ここは議論の余地があるところですね。現時点では、**で受け取ら
ない限り例外にするべきだと考えていますが、実際にいろいろな局
面で使ってみると意見が変わるかもしれません。
| - Hash のように振る舞うオブジェクトもキーワード引数として
| 解釈すべき? (現在は速度重視で T_HASH だけ見ている)
とりあえずto_hashを使ってください。新設のto_kwのようなメソッ
ドを使うべきなのかもしれませんが。
| - 引数の順番はよいか
|
| def foo(
| a, b, c, # mandatory arguments
| opt = 1, # optional arguments
| *rest, # rest argument
| x, y, z, # post mandatory arguments
| k1: 1, k2:2, # keyword arguments
| **kh, # keyword rest argument
| &blk # block argument
| )
これで良いと思います。
まつもと ゆきひろ /:|)
Updated by Anonymous about 13 years ago
This looks very interesting! Would someone be willing to translate to english? I've only got a vague idea of what is being discussed.
--
Evan Phoenix // evan@phx.io
Updated by Anonymous about 13 years ago
Hi,
2011年10月18日8:13 Evan Phoenix evan@phx.io:
This looks very interesting! Would someone be willing to translate to english? I've only got a vague idea of what is being discussed.

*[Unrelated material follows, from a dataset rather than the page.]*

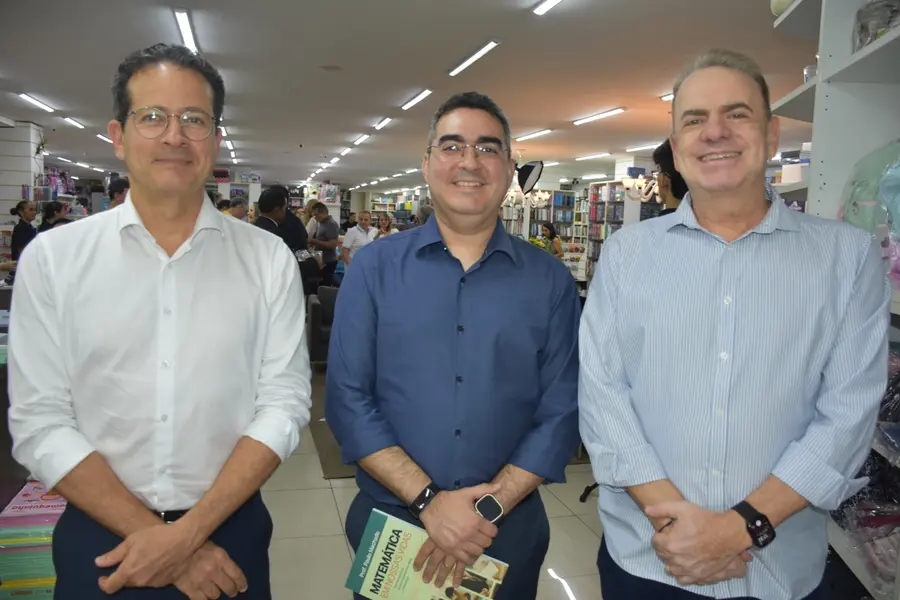 Empresário Paulo Machado Lançou o Livro, Matemática em nossas vidas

I and NaHi translated the mails.
http://ruby-dev.info/posts/44602
--
yhara (Yutaka HARA)
Updated by matz (Yukihiro Matsumoto) about 13 years ago
Hi,
I should have posted in English at first.
Thank you guys for translation.
matz.
In message "Re: [ruby-core:40191] Re: [Ruby 2.0 - Feature #5454] keyword arguments"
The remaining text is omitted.